[TASK OBJECTIVE]
Retype the records below exactly as they appear, but leave out any pictures.

[INPUT DATA]
*-*-*

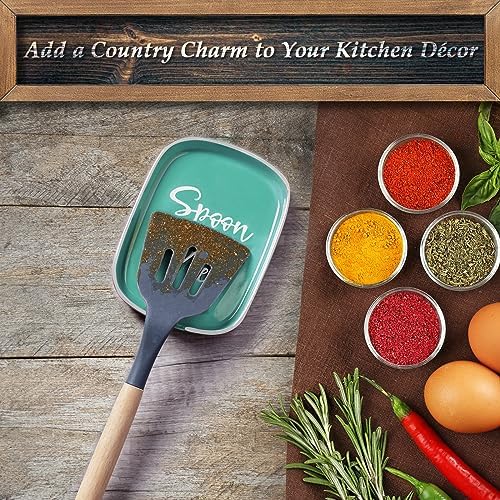Turquoise Spoon Rest for Stove Top, DAYYET Teal Ceramic Large Spoon Holder - Image 2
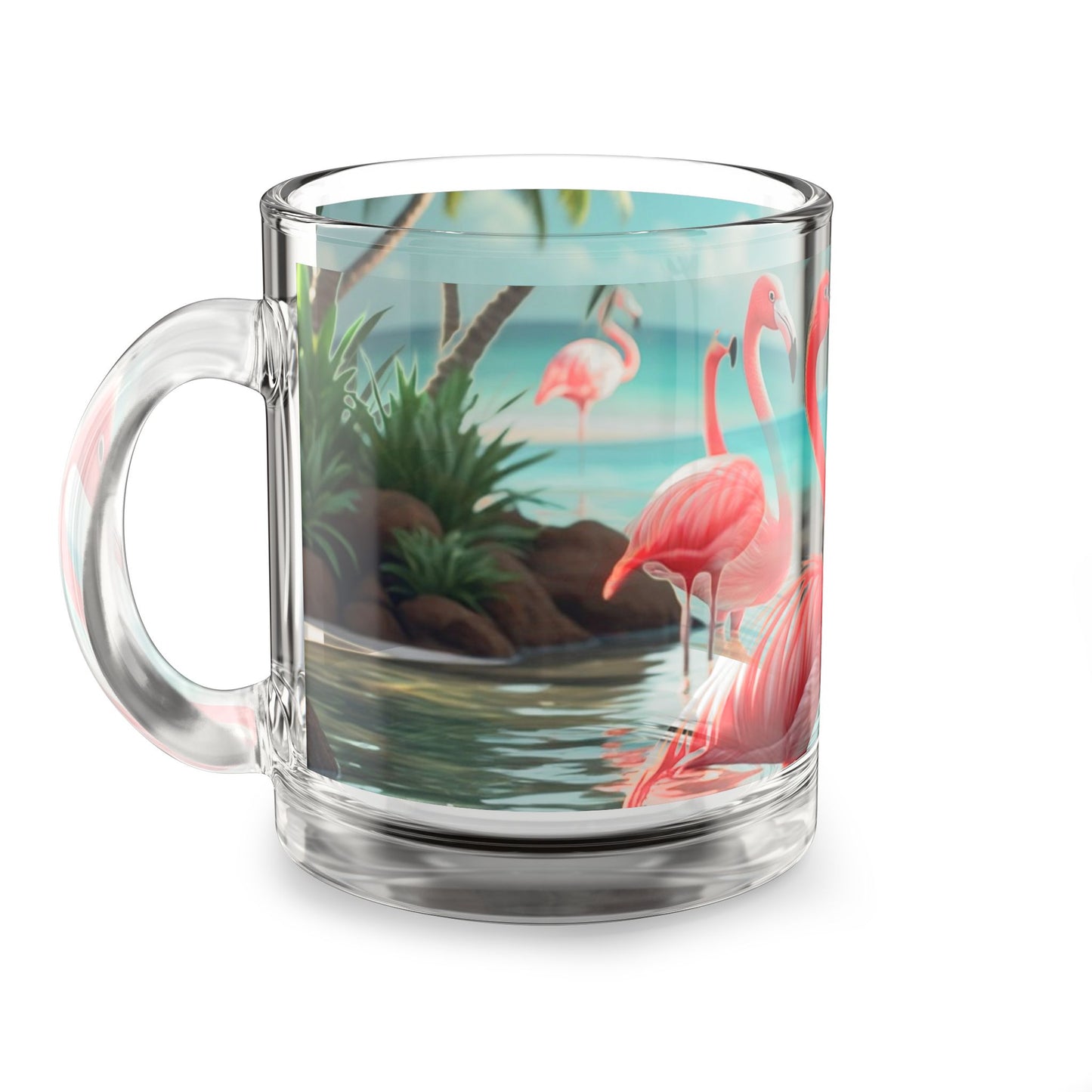 Tropical Glass Mug - 10oz Coffee Cup / Flamingo Morning Dip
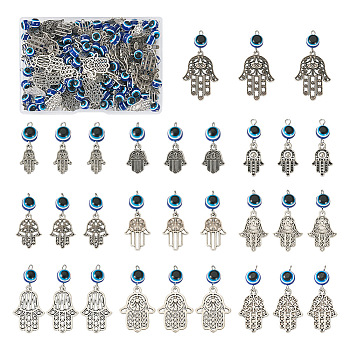 100Pcs 10 Styles Tibetan Style Alloy Pendants, with Evil Eye Resin Beads, Hamsa Hand/Hand of Miriam, Royal Blue, 32~45mm, Hole: 2mm,  Pendant: 16~33x10~23x1~2mm, 10pcs/style 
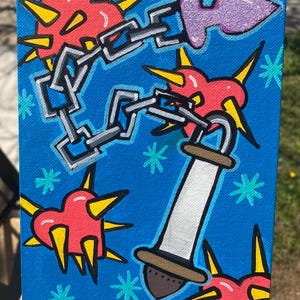 May include: A vibrant painting on canvas featuring stylized hearts with yellow spikes, connected by a silver chain, set against a bright blue background. A purple shape and a white and brown object are also present, with turquoise star-like accents.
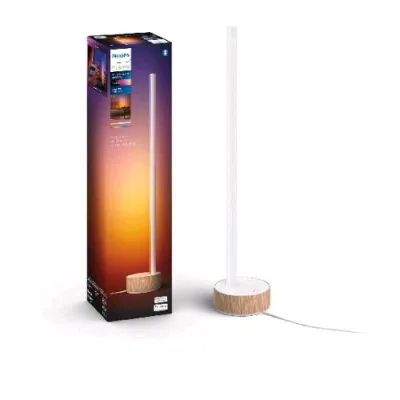 Philips Gradient Signe Hue Lampada da Tavolo LED 55 cm Base in Legno Smart Dimmerabile Luce Calda Fredda e Colorata Bianco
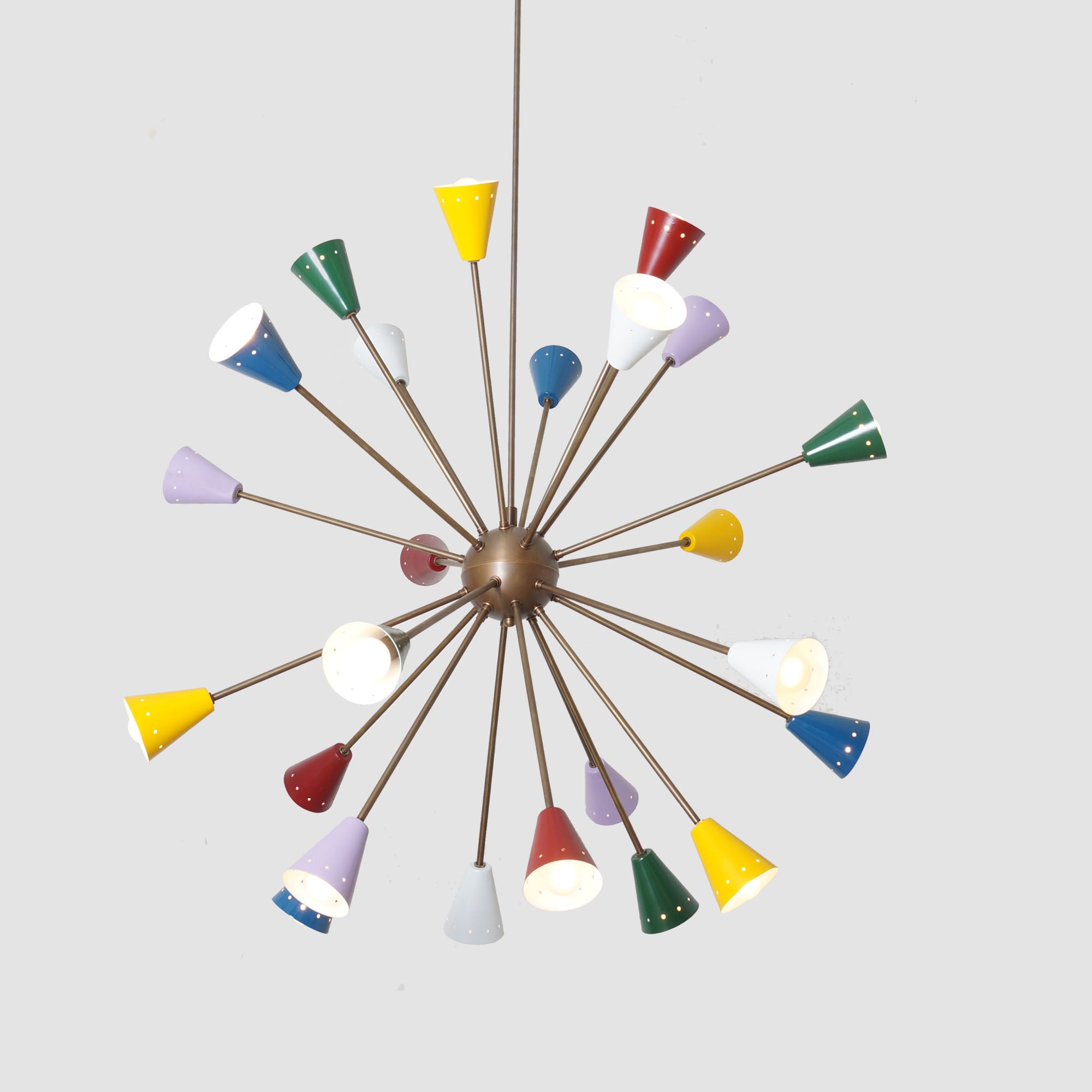 Stilnovo Multi Color Mid Century Italian Brass Sputnik Chandelier 40"D - Doozie Light Studio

*-*-*

[EXERCISE ANSWER]
Turquoise Spoon Rest for Stove Top, DAYYET Teal Ceramic Large Spoon Holder - Image 2
 Tropical Glass Mug - 10oz Coffee Cup / Flamingo Morning Dip
 100Pcs 10 Styles Tibetan Style Alloy Pendants, with Evil Eye Resin Beads, Hamsa Hand/Hand of Miriam, Royal Blue, 32~45mm, Hole: 2mm,  Pendant: 16~33x10~23x1~2mm, 10pcs/style 
 May include: A vibrant painting on canvas featuring stylized hearts with yellow spikes, connected by a silver chain, set against a bright blue background. A purple shape and a white and brown object are also present, with turquoise star-like accents.
 Philips Gradient Signe Hue Lampada da Tavolo LED 55 cm Base in Legno Smart Dimmerabile Luce Calda Fredda e Colorata Bianco
 Stilnovo Multi Color Mid Century Italian Brass Sputnik Chandelier 40"D - Doozie Light Studio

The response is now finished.